A key challange for most Internet retailers is the rise in
pay-per-click (NYSE:PPC) ad prices. The rise in PPC ad prices is having a
negative effect e-tailers, even on companies like EBAY and AMZN that
you would have thought had strong brands and didn't need to attract
traffic through PPC ads.
But GSIC's Q4 earnings announcement and conference call suggested that GSIC is unaffected (at least directly) by the rise in PPC ad prices, because its clients bear the cost of marketing their web sites, while GSIC provides (and profits from) the underlying e-commerce infrastructure. That's a crucial facet of GSIC's business model that doesn't seem to have been picked up by the sell-side. So when commenting on GSIC's earnings results, I wrote:
GSI Commerce has been viewed by some on the buy-side as playing in the least profitable area of e-commerce: back-end infrastructure and fulfilment.

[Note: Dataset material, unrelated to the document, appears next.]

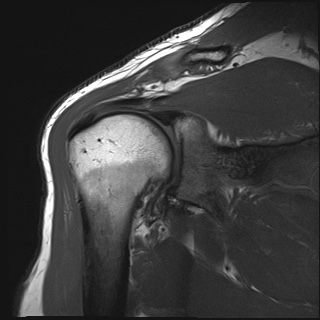 Acromioclavicular joint injury - Rockwood type 2 | Image | Radiopaedia.org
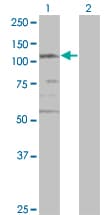 SMC3 / HCAP Antibody (clone 2F11)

But note that its online advertising costs were basically flat year on year, because its partners do their own marketing. GSIC thus escaped the upward cost pressures faced by many other e-tailers due to rising PPC ad prices.Is GSIC immune to rising PPC ad prices in the long run? No, because the growth of its e-commerce outsourcing business will depend on the profitability of the services in provides. But in the short term, GSIC may find that it's part of the e-commerce value chain is more attractive than its given credit for.